The Two Kingdoms
True story: a boy gets in trouble. When his mother starts to discipline him, the boy responds, “But mom, you should forgive me, because Jesus took my sins away”—to which his mother replies that there are still consequences for his actions. Both mother and child are right, but they are talking about two different things. They are talking about the right-hand and left-hand kingdoms of God.
Luther and his coworkers came to understand that the Triune God works to save us by sending the Holy Spirit to give us faith in Jesus Christ. This work is called God’s “right hand kingdom,” or “kingdom of grace.” Here God uses the means of grace to save sinners. However, the reformers learned from Scripture that God also has a second kind of work. He raises children through parents; he provides for our daily needs through human labor; he preserves the peace through governments. This is called God’s “left hand kingdom,” or “kingdom of power.” Here God uses the law—rewards and punishments, carrots and sticks—to preserve humanity and permit us to enjoy His creation. God is working in both, but His methods and purposes differ.
God uses temporal rewards and punishments in the left-hand kingdom, but faith can be created only through the means of the right-hand kingdom.

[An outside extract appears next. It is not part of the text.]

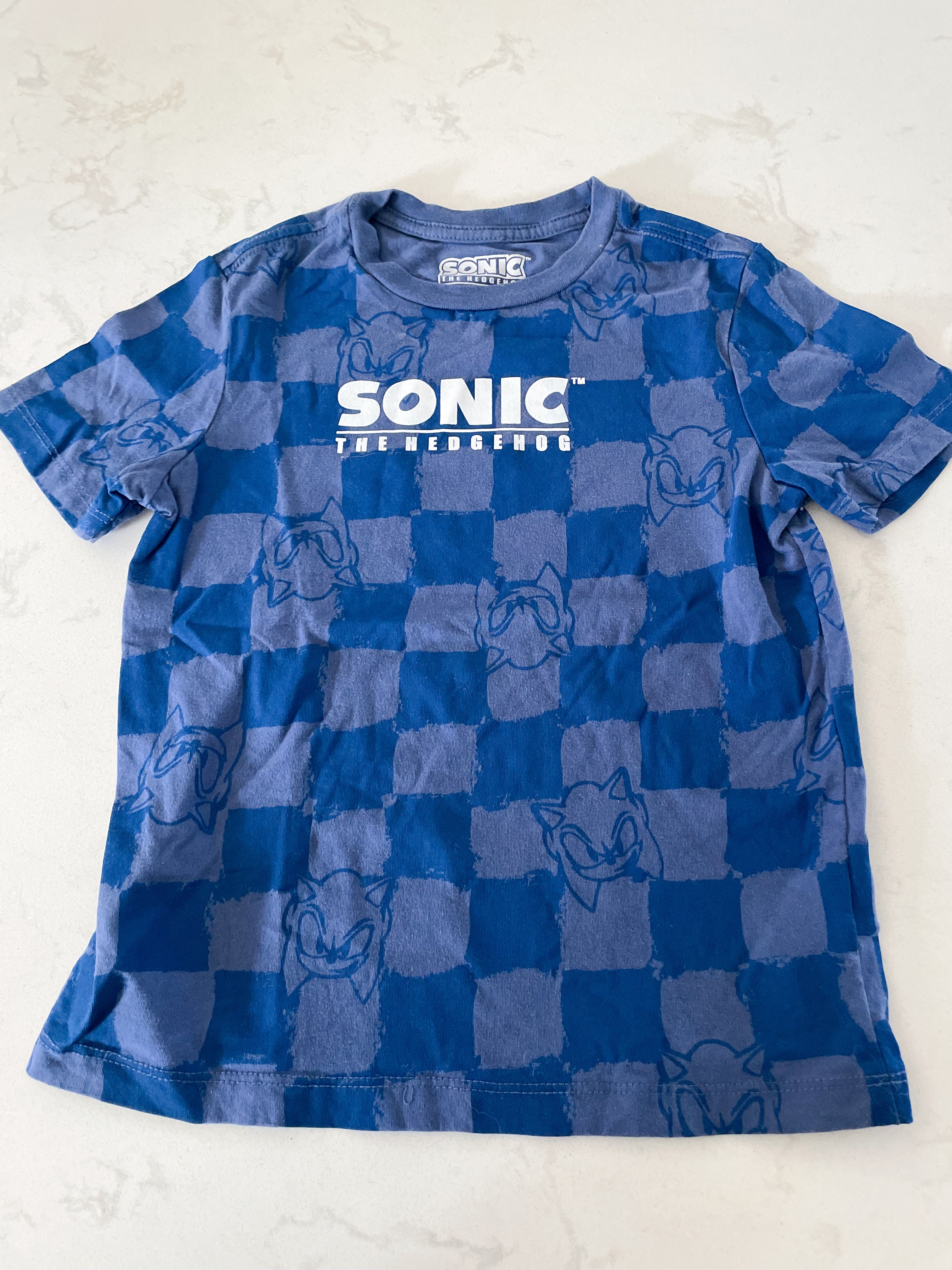 Sonic the Hedgehog-7/8Y- VGUC- blue checkered Sonic t shirt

The reformers saw numerous confusions of these two kingdoms in their day. Many monks thought that their unique, “sacred” work gave them special standing before God, while some German peasants believed that their freedom in Christ should translate into political freedom. The reformers pointed out the errors of both groups. They argued that spiritual authority pursues different ends and uses different means than temporal authority. Our works in the left-hand kingdom do not save us, and our status in the right-hand kingdom is not a blueprint for politics.
Our own day has its own confusions of these two kingdoms. Some people believe that they cannot serve God unless their work is “a ministry.” Others believe that we can create a Christian nation by enforcing laws consistent with the Scriptures. Others (like the boy above) believe that God’s forgiveness should annul just civil punishments. The Reformers point us back to Scripture to learn the truth: God uses temporal rewards and punishments in the left-hand kingdom, but faith can be created only through the means of the right-hand kingdom. Both kingdoms belong to God, but whenever we confuse them, we lose the good news of forgiveness in Christ.